═════ DATA UNDER STUDY ═════

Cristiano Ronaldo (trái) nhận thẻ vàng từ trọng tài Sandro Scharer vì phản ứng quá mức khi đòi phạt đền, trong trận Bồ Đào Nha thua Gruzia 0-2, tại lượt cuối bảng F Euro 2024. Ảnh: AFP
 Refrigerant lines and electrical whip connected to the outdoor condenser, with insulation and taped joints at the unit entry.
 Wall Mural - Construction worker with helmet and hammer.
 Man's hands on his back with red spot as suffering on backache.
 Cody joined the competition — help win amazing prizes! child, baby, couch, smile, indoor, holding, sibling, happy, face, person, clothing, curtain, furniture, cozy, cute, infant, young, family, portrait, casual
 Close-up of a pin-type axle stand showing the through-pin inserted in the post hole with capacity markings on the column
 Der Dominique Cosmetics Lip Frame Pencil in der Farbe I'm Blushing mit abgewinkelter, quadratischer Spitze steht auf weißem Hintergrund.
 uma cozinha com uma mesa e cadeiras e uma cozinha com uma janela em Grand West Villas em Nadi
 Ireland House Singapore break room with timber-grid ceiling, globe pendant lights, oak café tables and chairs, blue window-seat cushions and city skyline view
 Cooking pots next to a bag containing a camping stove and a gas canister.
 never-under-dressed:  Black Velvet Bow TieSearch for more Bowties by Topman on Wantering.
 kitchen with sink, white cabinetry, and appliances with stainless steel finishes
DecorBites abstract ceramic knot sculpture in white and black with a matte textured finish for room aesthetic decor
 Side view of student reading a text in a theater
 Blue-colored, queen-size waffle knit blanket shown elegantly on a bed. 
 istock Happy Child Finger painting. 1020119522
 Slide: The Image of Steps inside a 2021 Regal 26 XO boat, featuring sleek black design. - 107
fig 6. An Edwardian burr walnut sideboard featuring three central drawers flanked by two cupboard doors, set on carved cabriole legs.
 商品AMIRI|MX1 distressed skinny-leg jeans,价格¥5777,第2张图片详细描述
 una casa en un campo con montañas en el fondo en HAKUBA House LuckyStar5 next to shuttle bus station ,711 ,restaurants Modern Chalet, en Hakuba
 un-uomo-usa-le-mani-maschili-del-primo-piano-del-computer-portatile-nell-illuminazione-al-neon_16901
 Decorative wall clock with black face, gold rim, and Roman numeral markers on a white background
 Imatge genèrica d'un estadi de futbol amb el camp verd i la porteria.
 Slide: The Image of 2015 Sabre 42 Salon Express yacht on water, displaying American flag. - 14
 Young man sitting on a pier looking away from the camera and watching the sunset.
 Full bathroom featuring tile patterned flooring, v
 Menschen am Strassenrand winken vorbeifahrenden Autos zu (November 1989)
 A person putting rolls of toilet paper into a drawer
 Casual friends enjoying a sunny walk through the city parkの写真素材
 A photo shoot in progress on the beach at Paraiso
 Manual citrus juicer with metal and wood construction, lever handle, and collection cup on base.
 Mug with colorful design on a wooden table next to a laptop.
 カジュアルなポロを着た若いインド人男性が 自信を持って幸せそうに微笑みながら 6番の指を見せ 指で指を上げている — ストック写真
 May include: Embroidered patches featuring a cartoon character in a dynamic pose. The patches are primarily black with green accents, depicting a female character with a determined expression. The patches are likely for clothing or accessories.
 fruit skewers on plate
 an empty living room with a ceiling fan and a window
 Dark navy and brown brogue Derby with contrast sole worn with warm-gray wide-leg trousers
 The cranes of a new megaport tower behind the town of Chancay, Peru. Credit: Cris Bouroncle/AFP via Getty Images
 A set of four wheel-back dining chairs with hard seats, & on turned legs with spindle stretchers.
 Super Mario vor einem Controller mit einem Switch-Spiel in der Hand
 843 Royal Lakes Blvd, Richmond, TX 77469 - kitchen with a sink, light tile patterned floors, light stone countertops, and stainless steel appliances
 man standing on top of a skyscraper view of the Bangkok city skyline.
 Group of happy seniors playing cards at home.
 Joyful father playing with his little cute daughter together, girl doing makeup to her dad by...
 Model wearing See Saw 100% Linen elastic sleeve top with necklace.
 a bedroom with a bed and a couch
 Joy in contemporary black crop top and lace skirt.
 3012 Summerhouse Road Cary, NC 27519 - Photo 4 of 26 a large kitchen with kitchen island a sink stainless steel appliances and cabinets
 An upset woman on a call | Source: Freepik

═════

TASK PROMPT: What you return should be exactly the lines above, starting at the one with "Side view of" and ending at the one with "fig 6. An Edwardian", and nothing else.

TASK RESULT:
 Side view of student reading a text in a theater
 Blue-colored, queen-size waffle knit blanket shown elegantly on a bed. 
 istock Happy Child Finger painting. 1020119522
 Slide: The Image of Steps inside a 2021 Regal 26 XO boat, featuring sleek black design. - 107
fig 6. An Edwardian burr walnut sideboard featuring three central drawers flanked by two cupboard doors, set on carved cabriole legs.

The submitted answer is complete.